Fenella Hitchcock, who catalogued the Museum of London’s acquisition of clothing and ephemera belonging to Sebastian Horsley was also on hand to share some of her research. A postgraduate student at the London College of Fashion, she is currently working on a dissertation named after Horsley’s 2007 show at the Spectrum gallery, “Hookers, Dealers and Tailors” – three things that featured significantly in his life. A drug addict who was sexually and sartorially promiscuous, Horsley died of a heroin overdose at the age of just 47.
“A man with no talent should have a tailor,” said Horsley, who actually had many tailors. As part of her research, Fenella has been interviewing people left suits by Horsley. Some of these are very stained, serving as a useful memento mori of his exploits. Horsley’s shirts were always from Turnbull and Asser, with a trademark 5 inch collar point and covered buttons (apparently he was the only customer to ask for covered buttons). Some of those left clothing by the degenerate dandy still regularly wear them. In fact, Viktor Wynd wore the red sequinned suit bequeathed to him by Horsley’s widow to a party, before having a replica made. The original suit is easy to spot among the exhibits in the museum.
Apparently, Horsley was very Edwardian in some of his ideas – and certainly in his fashions. He wore double-breasted jackets and coats with bold lapels – some with 15 buttons on the front. He was often seen in a large top hat and a high waistcoat. His artfully balanced and well-cut bespoke clothing helped him display his personality.
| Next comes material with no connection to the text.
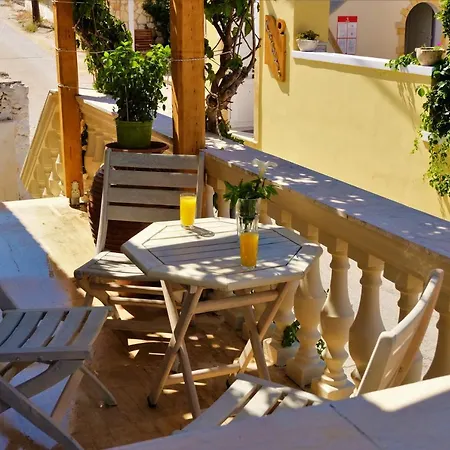 Remvi Assos Apartman *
Anderson believes that Savile Row is starting to change. The introduction of more contemporary styles by the likes of Richard James and Oswald Boateng, combined with the takeover of some of the traditional businesses by Chinese conglomerates has brought a new flavour. The quality is not so good, as many of the Chinese companies have acquired a flagship store simply to roll out the brand name in China. But on the plus side, there is increasing interest in men’s fashion. Gieves and Hawkes is as current on the catwalk today as Huntsman was in the ‘60s and ‘70s. And, of course, Savile Row still offers the best suiting in the world. That’s why at least 20 students a week apply for a job at Richard Anderson alone. It’s refreshing to know there is still a demand for bespoke tailoring in the 21st century… and long may there continue to be role for the master craftsman tailor.